それこそ、その人の発信する言葉の意味、想い、など正確にはわからないからです。本当はもっと奥行きがあるわけです。そこを感じ取ろうとせずにうかつには発言するのは危険が伴います。
「神との対話」でも神はこう言っています。
『一方的に決めつけたり、非難したりしない方がいい。なぜ起こるのか、何のために起こるのかあなたがたには理解できないのだから』
思考は何かを生み出す(創造する)のにとても役立ちますが、多くの場合、いやほとんどのと言っていいかもしれませんが、思考はエゴによる思考であるので、かなりの部分で【自分の価値観に合致するように都合よく考えている】ので、そこに気づかなければいけません。しかし多くの人は気づいていません。

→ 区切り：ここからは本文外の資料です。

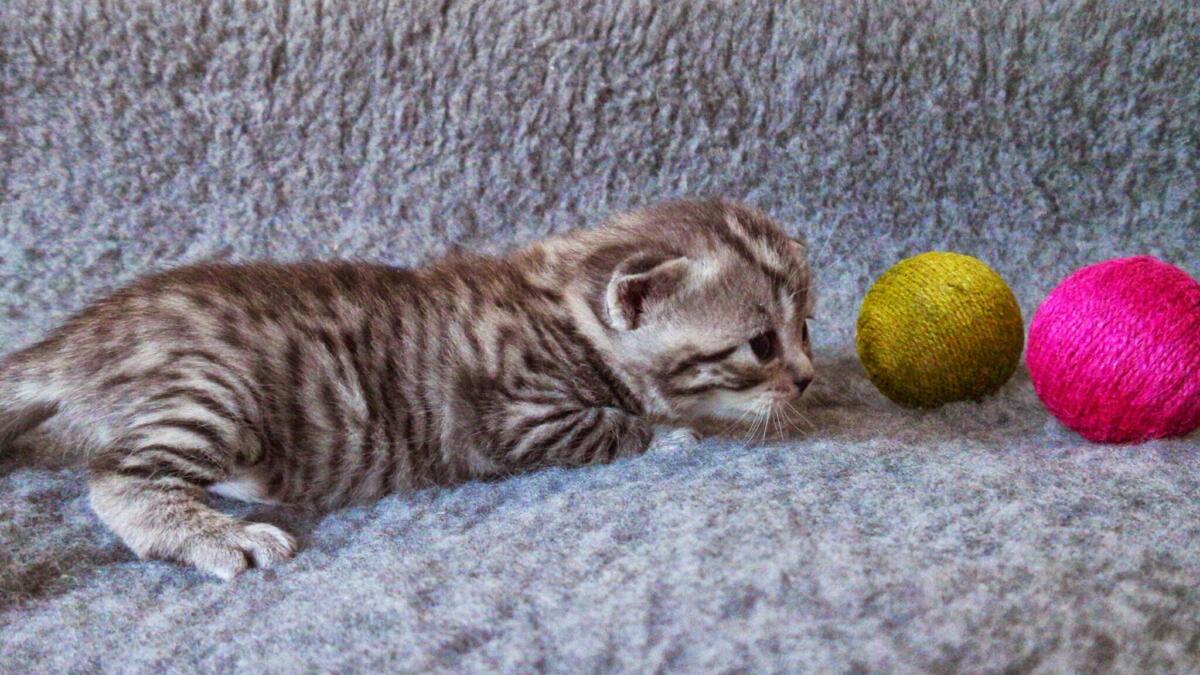 chaton-black-silver-tabby-de-BritishsGarden-2015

結局のところ、私たちはあれこれ考えても、何も真実はわからないのだと感じるようになりました。
「考えたこと」ではなくて、体験経験し感じたこと、また体感したことの中にこそ、真実が隠れているのではないか、とそう感じます。
だからこそ、過去や未来のことを考えて不安になるよりも(ますます分離が進む視点)、今この瞬間(何も存在せず、かつすべてがある)に在ることがものすごく重要だと感じています。
分離を好むエゴの声に気づきながら、私たちはあらゆるものを手放し、視点、視野、思考、意識、すべてを拡大させて眺め、ワンネスであるということに気づいていく時なのかもしれません。

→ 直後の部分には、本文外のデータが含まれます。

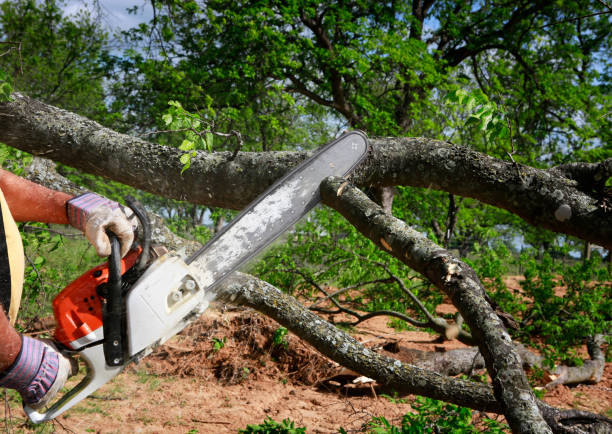 Best Emergency Tree Removal  in Portsmouth, VA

実際にそういう人が増えてきた、また気づきたいと思う人が増えてきたのかなと思っています。それがもっと加速していくのではないかと思ってます。
人にはそれぞれステージがあるので(良い悪いはない)、まだまだ分離の世界を経験しなければいけない人もいるでしょうし、分離の世界からワンネスの気付きを得て、この世界を楽しむ人もいるでしょう。
物事はなるようになり、起こるべくして起こっているので「不安から何かを行動する」というような無駄な抵抗は止めて、今に在り続けるように意識していれば、良いように事は進むと感じています。
何もしないわけではなくて、すべきことが起こり、するようになるということです。なかなか奥が深いですね。